I should never, ever be allowed to title things.

As an almost pathologically non-confrontational person, my first instinct is to preface this post with apologies and "No, I'm not a hater!" while waving my fandom cred card (which, sadly, is still in the mail).

But going through that spiel would distract from the real points that I’m trying to make and possibly take the conversation in a direction I have no interest in.

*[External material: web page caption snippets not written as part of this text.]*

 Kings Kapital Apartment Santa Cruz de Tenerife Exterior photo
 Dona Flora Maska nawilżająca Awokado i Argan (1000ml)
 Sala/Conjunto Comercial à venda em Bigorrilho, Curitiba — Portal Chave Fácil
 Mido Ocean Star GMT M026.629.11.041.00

It also assumes that the Parks & Recreation fandom is full of mean people, which has not been my experience so far. (Y'all are full of love, and I love you for it.)

So instead, I am going to direct those who are unfamiliar (or simply curious) about social justice issues to this article and this video.

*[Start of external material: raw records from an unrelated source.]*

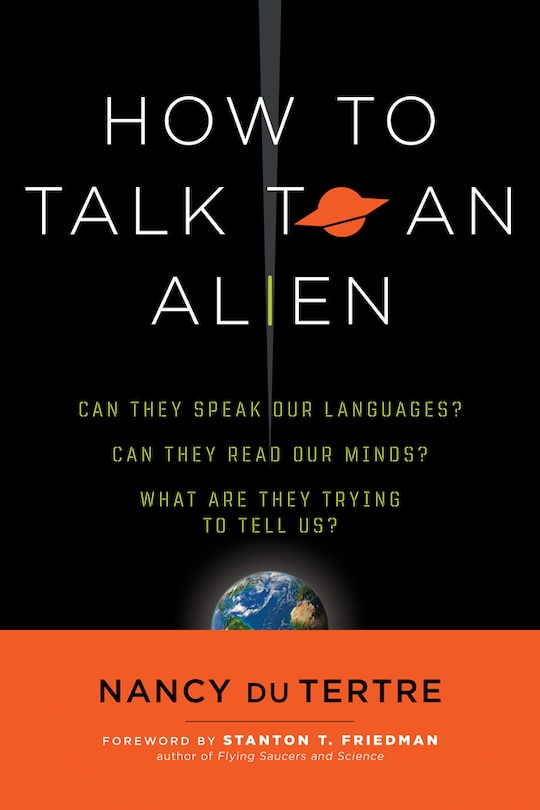 Couverture_How to Talk to an Alien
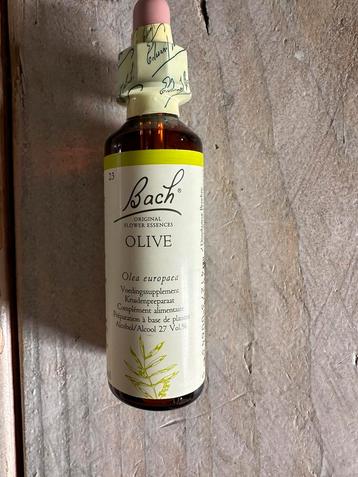 Bach Olive voedingssupplement 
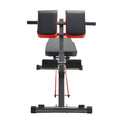 Weight Bench Roman Chair Hyperextension 660lbs Home Gym Equipment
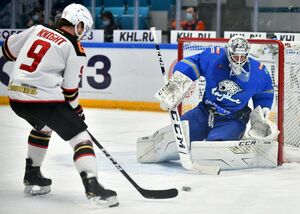 Дубль Михайлиса и пропеллер Карлссона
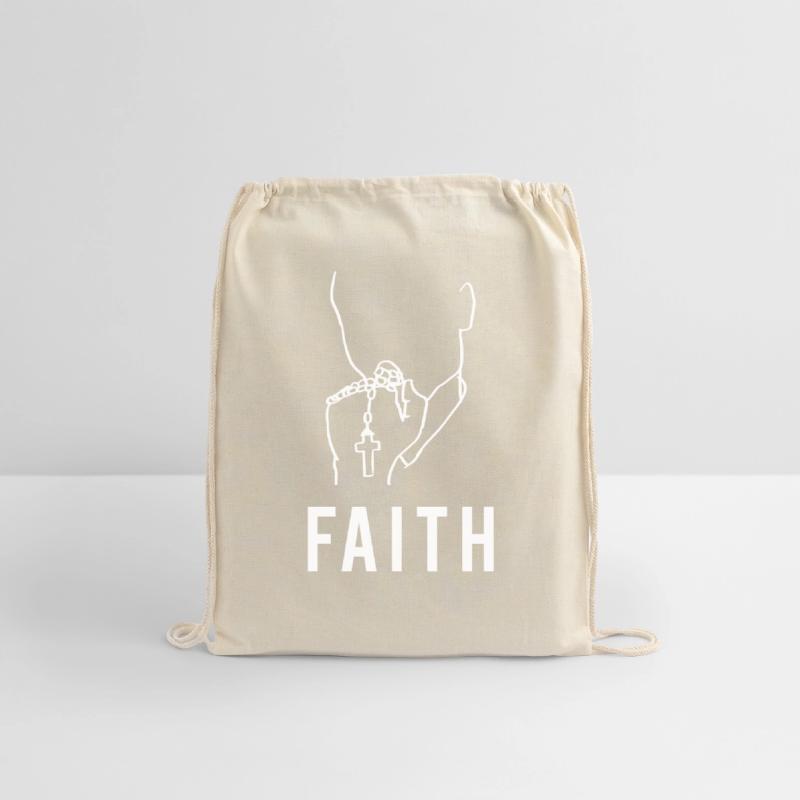 Faith Glauben Gebet Kreuz Bibel Geschenk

I’ll just chill out here while you read/watch and, when you’re ready, I’ll tell you where I think Parks & Recreation is seriously dropping the ball on being progressive tv.

Let's start with something that's been really bugging me recently.

Donna Meagle

The way Donna is written makes me deeply uncomfortable. She embodies a lot of stereotypes about African-American women: she is loud, sarcastic, overweight, very gaudy in her personal style, materialistic, and promiscuous.

This in and of itself is not necessarily problematic. There is nothing wrong with being loud, sarcastic, sexually active or overweight, and nothing inherently dehumanizing about portraying someone as in love with their possessions and with a passion for fake fur and rhinestones. And it is kind of empowering to see an overweight woman whose sexual desires are not the butt of a joke. (I'm still not comfortable with the portrayal of her sexuality, as she seems to buy into the transactional model of sex, but it is interesting to see that model reversed, so that women are the buyers and men are the sellers.) Retta is also a fabulous comedian and kills it with her lines.

But you can only get away with having a character live up to their stereotypes if you treat them like a character, and Donna is not a character. Donna is a convenient tool for the writers. If things are getting a little schmaltzy, her zingers set things right. If someone needs a reality check, her take-no-crap attitude puts them in their place. And if somebody needs a mentor, she's there. She helps Ben out of his rut when he and Leslie are broken up. She helps Ann navigate the dating scene after Chris. Her role in Parks & Recreation is to help out the white people and be funny while doing it.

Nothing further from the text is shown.